:: TASK DESCRIPTION ::
In the entries below, tally the lines that contain the string "Photo", then state that number alone.
★ ★ ★ ★
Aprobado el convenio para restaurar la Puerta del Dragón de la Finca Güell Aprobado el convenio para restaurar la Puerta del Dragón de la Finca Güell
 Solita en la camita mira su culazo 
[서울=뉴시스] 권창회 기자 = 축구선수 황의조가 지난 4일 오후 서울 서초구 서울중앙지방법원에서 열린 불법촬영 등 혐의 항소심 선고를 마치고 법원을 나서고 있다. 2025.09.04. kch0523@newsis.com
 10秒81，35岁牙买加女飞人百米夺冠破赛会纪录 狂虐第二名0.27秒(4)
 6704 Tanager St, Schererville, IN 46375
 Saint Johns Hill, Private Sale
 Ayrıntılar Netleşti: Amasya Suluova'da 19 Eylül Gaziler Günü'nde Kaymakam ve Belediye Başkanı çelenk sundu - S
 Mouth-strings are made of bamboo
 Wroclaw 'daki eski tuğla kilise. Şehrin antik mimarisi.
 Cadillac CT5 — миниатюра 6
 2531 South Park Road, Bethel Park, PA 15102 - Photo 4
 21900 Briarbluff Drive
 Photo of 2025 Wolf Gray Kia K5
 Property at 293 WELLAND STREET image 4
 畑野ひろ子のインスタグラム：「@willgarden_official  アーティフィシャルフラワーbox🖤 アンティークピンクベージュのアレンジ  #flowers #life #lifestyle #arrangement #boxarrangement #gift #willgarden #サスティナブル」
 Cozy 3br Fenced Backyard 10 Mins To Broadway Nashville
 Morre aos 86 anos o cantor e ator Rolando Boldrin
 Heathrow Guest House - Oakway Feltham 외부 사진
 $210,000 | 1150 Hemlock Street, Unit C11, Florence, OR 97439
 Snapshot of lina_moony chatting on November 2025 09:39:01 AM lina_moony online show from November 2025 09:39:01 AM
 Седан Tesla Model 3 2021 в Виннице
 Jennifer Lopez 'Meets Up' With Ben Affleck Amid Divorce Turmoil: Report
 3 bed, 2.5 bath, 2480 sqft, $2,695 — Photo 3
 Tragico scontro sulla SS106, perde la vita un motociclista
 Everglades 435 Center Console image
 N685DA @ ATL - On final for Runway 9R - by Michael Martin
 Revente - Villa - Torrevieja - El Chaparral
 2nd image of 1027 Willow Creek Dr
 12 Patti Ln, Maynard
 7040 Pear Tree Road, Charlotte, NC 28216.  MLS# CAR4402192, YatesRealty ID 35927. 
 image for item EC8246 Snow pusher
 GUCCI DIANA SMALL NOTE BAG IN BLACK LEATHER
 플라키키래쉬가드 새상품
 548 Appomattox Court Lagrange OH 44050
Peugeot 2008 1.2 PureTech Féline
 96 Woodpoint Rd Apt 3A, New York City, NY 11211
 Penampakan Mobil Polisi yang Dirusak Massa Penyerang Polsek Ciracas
★ ★ ★ ★
:: WRITTEN ANSWER ::
3